Ele confirmou que a, a partir do 10º ano, o presidente da República poderá propor ao Congresso uma mudança na metodologia de cálculo do limite anual dos gastos, que, se aprovada pelos parlamentares, vigorará pelo restante dos anos. Nos nove primeiros anos, o teto das despesas públicas será o gasto do ano anterior corrigidos pela inflação oficial, medida pelo IPCA.

A Proposta de Emenda Constitucional (PEC) foi apresentada aos líderes do Congresso ontem, num encontro que teve a presença do presidente em exercício Michel Temer. Meirelles destacou que o crescimento real das despesas de um ano para o outro, a partir de 2017, caso a PEC seja aprovada, valerá para todos os três Poderes.

O texto incluirá também os gastos com Saúde e Educação, atualmente limitados a um porcentual da arrecadação. A partir de 2017, com a PEC aprovada, as despesas dessas duas áreas serão limitadas ao que foi gasto no ano anterior, com a correção da inflação. "Nada impede que o Congresso decida alocar mais despesas às duas áreas caso julgue que são mais importantes que outras despesas do orçamento", explicou Meirelles.

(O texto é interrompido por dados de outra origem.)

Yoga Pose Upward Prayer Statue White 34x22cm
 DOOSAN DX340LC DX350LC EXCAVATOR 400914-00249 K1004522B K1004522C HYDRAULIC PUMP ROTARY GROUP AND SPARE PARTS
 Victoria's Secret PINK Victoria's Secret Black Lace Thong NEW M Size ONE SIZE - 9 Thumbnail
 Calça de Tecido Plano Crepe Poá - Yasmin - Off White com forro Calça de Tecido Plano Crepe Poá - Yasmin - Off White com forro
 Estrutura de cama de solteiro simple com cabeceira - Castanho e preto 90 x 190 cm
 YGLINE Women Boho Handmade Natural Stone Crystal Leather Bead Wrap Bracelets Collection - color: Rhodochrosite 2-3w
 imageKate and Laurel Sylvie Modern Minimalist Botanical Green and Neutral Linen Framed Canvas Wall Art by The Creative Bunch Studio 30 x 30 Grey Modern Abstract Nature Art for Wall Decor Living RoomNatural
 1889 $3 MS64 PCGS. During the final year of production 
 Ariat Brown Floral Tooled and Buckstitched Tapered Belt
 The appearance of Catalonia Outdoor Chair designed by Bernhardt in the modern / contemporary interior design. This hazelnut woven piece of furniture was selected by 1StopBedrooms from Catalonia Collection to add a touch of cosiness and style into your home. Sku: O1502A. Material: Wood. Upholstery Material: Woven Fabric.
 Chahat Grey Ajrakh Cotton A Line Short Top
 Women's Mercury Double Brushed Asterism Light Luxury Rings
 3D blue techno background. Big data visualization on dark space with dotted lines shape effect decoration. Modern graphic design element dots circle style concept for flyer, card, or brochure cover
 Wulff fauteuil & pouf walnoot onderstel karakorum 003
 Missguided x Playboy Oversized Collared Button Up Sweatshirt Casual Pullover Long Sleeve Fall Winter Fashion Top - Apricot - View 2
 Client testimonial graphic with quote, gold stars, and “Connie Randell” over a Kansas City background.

Ou seja, é possível mais do que o aumento real para essas duas áreas, desde que haja corte em outras despesas. No total, os gastos públicos não poderão aumentar mais do que a inflação do ano anterior. "Tem que ser definido pela sociedade, através dos seus representantes no Congresso", afirmou.

Temer
O presidente interino Michel Temer anunciou aos líderes de partidos aliados no Congresso que vai propor que a nova regra para limitar gastos federais tenha validade de dez anos renováveis por mais dez. No encontro, segundo relatos, Temer reforçou que a meta é chegar a esses 20 anos, como defende o Ministério da Fazenda. O governo reconhece, contudo, que dificilmente o Congresso irá aprovar um prazo tão longo e que a proposta deverá ser alterada pelos congressistas para reduzir esse prazo.
Ao fixar uma prazo mais longo, no entanto, o governo avalia que terá mais margem de negociação.
O objetivo de adotar um prazo mais longo é fazer uma sinalização para o mercado financeiro sobre o compromisso do governo com a responsabilidade fiscal. O governo deixou de fora do teto dos gastos públicos as transferências constitucionais a Estados, municípios e Distrito Federal e os créditos extraordinários, além de complementações ao Fundo de Desenvolvimento da Educação Básica (Fundeb) e despesas com as eleições. A capitalização de estatais também será exceção à regra.